On Wednesday evening, police used tear gas and water cannon to disperse demonstrators in Ankara's central Kizilay Square.
The situation was quieter in Istanbul however, for the first time since the unrest began last Friday.
It was a heavy-handed response to a peaceful demonstration in Istanbul that sparked nationwide anti-government protests denouncing Erdogan, in power since 2002.
Most of the anger has been directed at Erdogan, who has dismissed the protesters as "extremists".
Turkey's Nobel Prize-winning novelist Orhan Pamuk blamed the government for the unrest in a scathing article published online by Hurriyet daily.
He denounced the authorities for having failed to consult the public over plans to redevelop the Istanbul park, the issue that sparked the initial protests on Friday.
"This insensitive policy is no doubt part of the ever more authoritarian and repressive attitude of the government," he wrote.
Internationally renowned pianist, Fazil Say, voiced support for the protests.
At a concert in the western port city of Izmir, he banged pots and pans before a concert Wednesday, a reference to nightly anti-government protests, local media reported
Delighted members of his audience responded in kind, chanting "Everywhere is Taksim, everywhere is resistance."
Say has had his own battle with the authorities: he has won a retrial for his conviction for blasphemy earlier this month.
Two people have been killed in the seven days of unrest nationwide, according to doctors and officials.
The national doctors' union has said more than 4,000 had been injured, 43 of them seriously, as police tried to quell the protests with tear gas, pepper spray and water cannon.
But Turkey, while acknowledging some police excesses, has hit back at criticism of its handling of the crisis, a Turkish foreign ministry source told AFP.
The diplomat, speaking on condition of anonymity, said Foreign Minister Ahmet Davutoglu had told US Secretary of State John Kerry in a phone call Tuesday: "Turkey is not a second-class democracy."
Turkey's Western allies have voiced concern in recent days over the police violence.
Davutoglu assured Kerry an investigation was under way into the police response.
He played down the demonstrations, likening them to the Occupy Wall Street movement in the US in 2011, the source said.
The tough police action has hardened Turkey's protest movement, drawing in labour unions that represent hundreds of thousands of people.
Erdogan's critics say he has become increasingly authoritarian.
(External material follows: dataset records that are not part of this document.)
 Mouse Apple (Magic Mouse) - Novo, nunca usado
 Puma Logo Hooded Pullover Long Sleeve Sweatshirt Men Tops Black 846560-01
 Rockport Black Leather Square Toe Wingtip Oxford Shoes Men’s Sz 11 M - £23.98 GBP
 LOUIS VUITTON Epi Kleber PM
They have accused him of seeking to force conservative Islamic values on Turkey, a mainly Muslim but constitutionally secular nation.
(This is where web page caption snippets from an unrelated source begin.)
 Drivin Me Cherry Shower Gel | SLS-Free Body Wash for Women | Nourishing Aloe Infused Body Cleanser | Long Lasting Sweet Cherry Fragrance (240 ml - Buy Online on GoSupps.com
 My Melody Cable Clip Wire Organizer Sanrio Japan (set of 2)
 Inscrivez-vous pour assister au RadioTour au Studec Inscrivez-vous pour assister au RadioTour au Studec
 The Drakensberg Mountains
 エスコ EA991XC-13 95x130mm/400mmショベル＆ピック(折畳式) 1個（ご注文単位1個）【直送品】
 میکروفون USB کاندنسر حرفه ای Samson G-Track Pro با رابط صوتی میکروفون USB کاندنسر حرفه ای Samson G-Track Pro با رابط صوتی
In the premier's absence, Deputy Prime Minister Bulent Arinc on Tuesday apologised to wounded protesters and promised that the government had "learnt its lesson".
He met with representatives of some of the protesters, who urged him to sack the police chiefs in cities where officers had used excessive force and to ban the use of tear gas against protesters.
Sitting at the crossroads of East and West, Turkey has long aspired to join the European Union, which sets strict requirements on human rights for prospective members.
Erdogan's Justice and Development Party (AKP) first took power in 2002 and has won three elections in a row.
Erdogan has told protesters they should wait to express their views in elections next year, when observers expect him to run for president.